But, let’s suspend belief for a moment...Pour a cup of hot chocolate, turn the volume down on your computer (there’s one video that’s not completely safe for work) and let’s open these gifts. 

Note: It’s been said that a gift says more about the giver, and there is definitely some of that in these. Suffice it to say that marketers’ self-improvement is the contributors' overall theme. You’re going to have to get your sugarplums from some other group.

New, Improved Clients

From Tom Brakke (@researchpuzzler), CFA, consultant, writer and investment advisor who frequently comments on asset management marketing on his The Research Puzzle blog. Tom’s Letters to a Young Analyst, which I blogged about in March, would also make a fine gift for an investment marketing team.

"I'd like to give investment marketers a new group of clients [financial advisors] that will make their lives harder, but more rewarding, during 2015.

"Of course, getting a number of incremental clients would be a bonus, but I'm really talking about current clients changing how they make decisions, specifically by abandoning the near-universal tendency to chase performance.

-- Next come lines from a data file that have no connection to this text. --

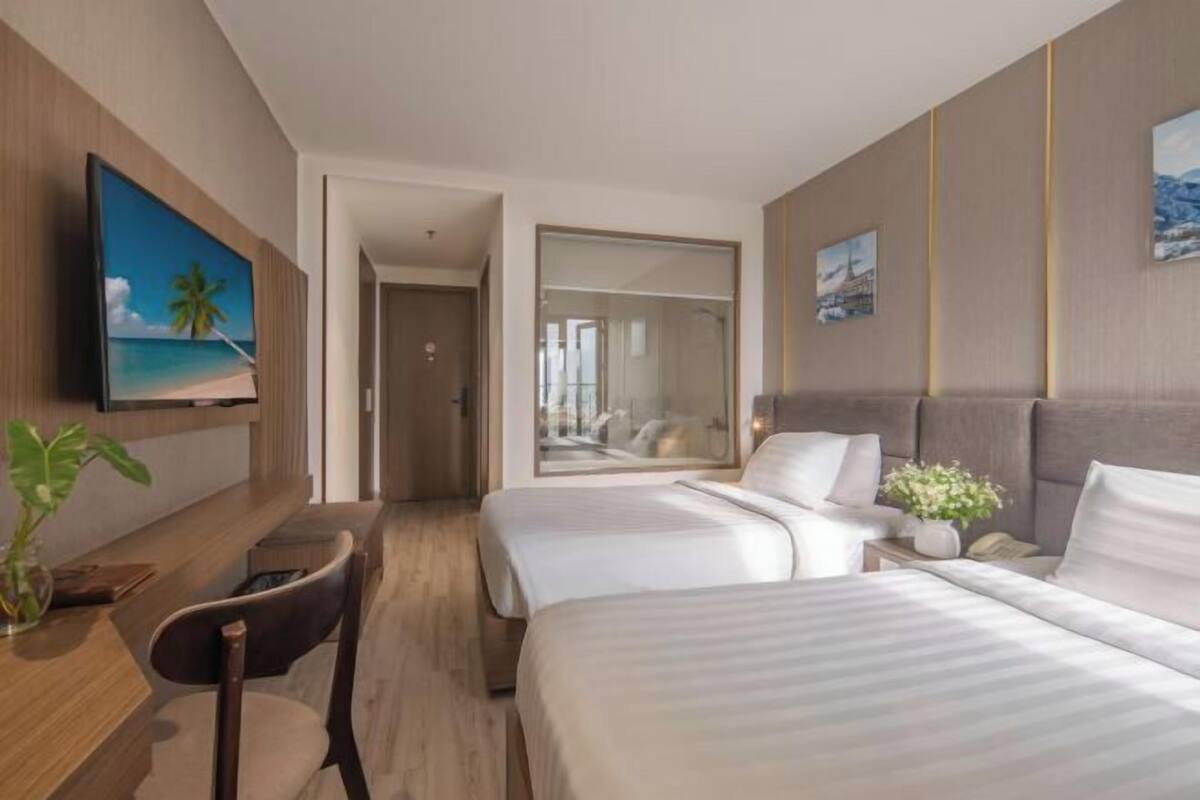 Minibar, caja de seguridad en la habitación y escritorio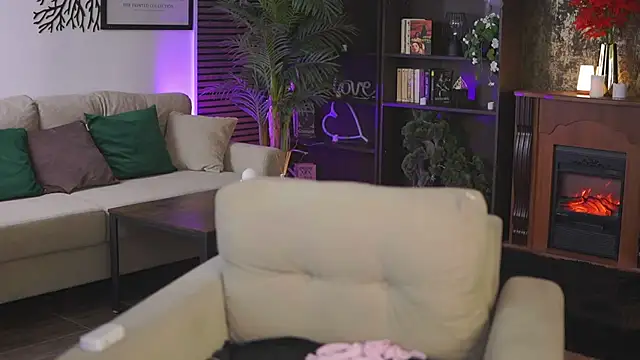 EvaSunderland online show from February 6, 3:16 am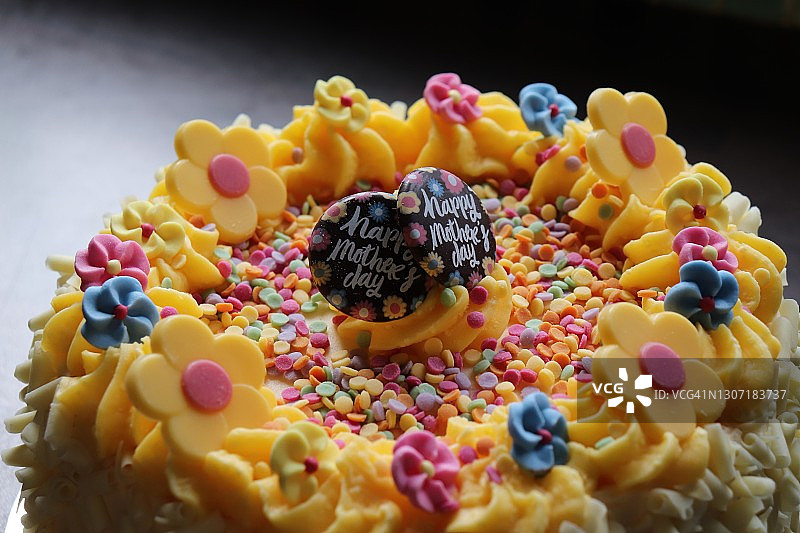 用鲜花和彩色糖屑装饰的母亲节柠檬蛋糕图片素材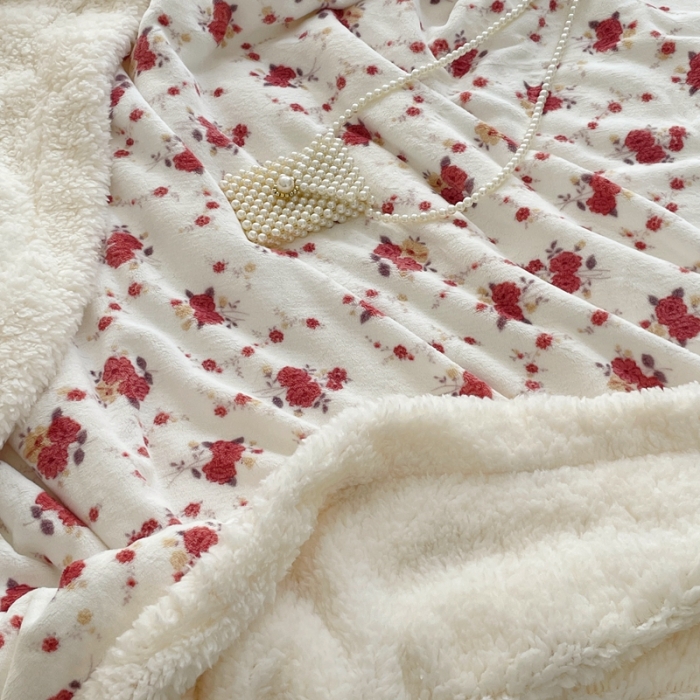 91家纺网 家纺一手货源 找家纺 时年 2022新款牛奶绒拼羊羔绒毯 漫漫花园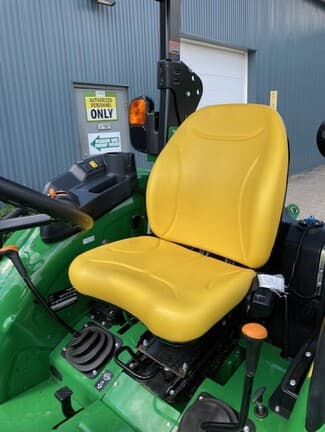 Image of John Deere 5050E equipment image 4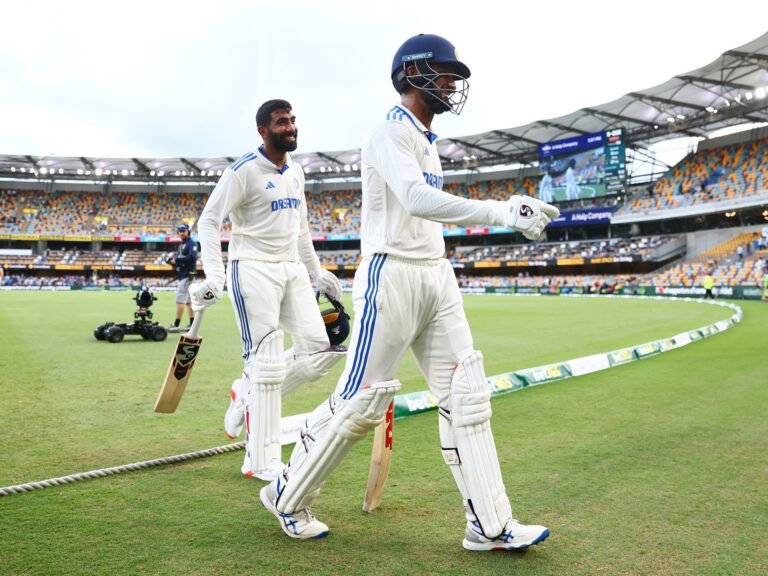 Bumrah en India Ontlopen Follow-on Terwijl Derde Test Tegen Australië Op Een Gelijkspel Aanstuurt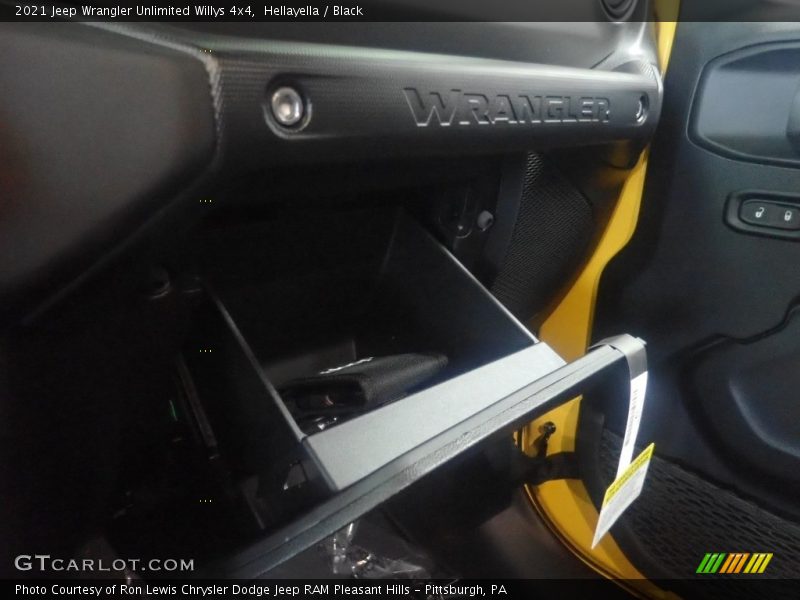 Hellayella / Black 2021 Jeep Wrangler Unlimited Willys 4x4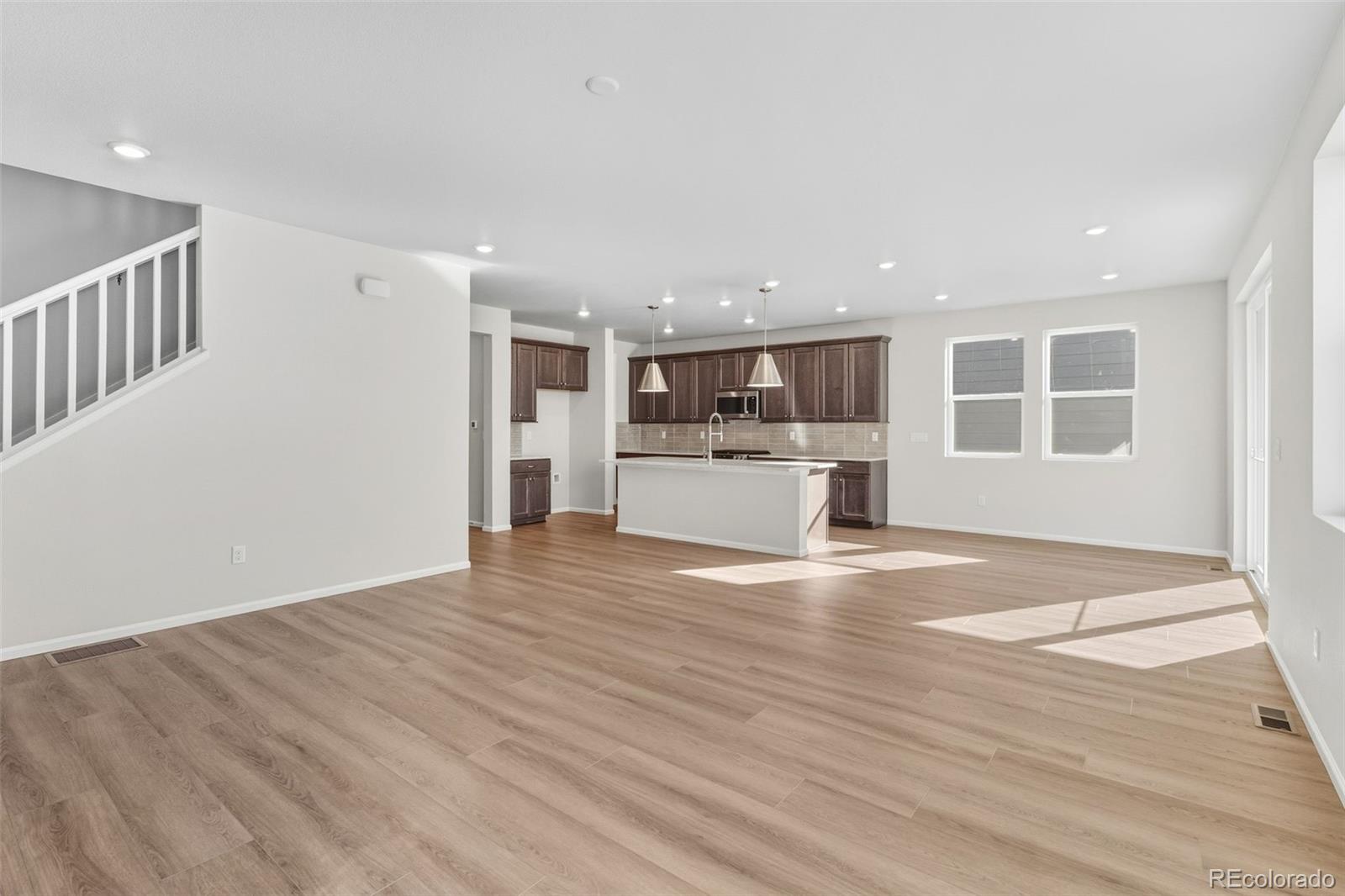 MLS Image #8 for 15277  poplar street,thornton, Colorado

As it is, performance trumps everything, and marketers ride the ebbs and flows of performance-driven choices. (It must be tiring to bob around in that ocean, unless you have been "hanging ten" for a long time on top of a nice wave and have forgotten what it's like to fall off.)

"However, the 'harder' part that I mentioned is that devoid of the performance driver, clients would have to dig deeper to understand what's really going on at an asset management firm. That means getting beyond the pat descriptions of investment process and 'smart people' to see the messiness of the organization intersecting with markets. The reality of it, rather than a stylized model of it.

"More demanding clients would make for tougher, but more interesting, days for marketers. And, the chance for the best to shine in a whole new way."

Better Social Media Analytics

From Blane Warrene (@blano), founder of the Arkovi social media archiving solution (now RegEd), co-host of the Digital Well podcast, editor-at-large for TheDigitalFA and speaker and advisor on financial technology.  

“An area I've been exploring is finding more context in the use of social media. From my perspective, that reaches beyond the standard analytics. For example, a normal dashboard looks for engagement and then maps that to the possible influence and reach of those who are connected with your digital properties.

“I would put two new tools in the asset manager marketer's toolbox: ThinkUp and SumAll.

"ThinkUp uses a more plain English approach to giving you a view into daily interaction with your content. I also like the time shifting reporting—looking back and reminding you of what's worked in the past.

“SumAll is analytics 2.0 to me. Giving you the ability to combine and overlay metrics you might not have thought of or been able to do in the past. One example would be connecting statistics on social advertising with organic content marketing to evaluate the value of social ad dollars.”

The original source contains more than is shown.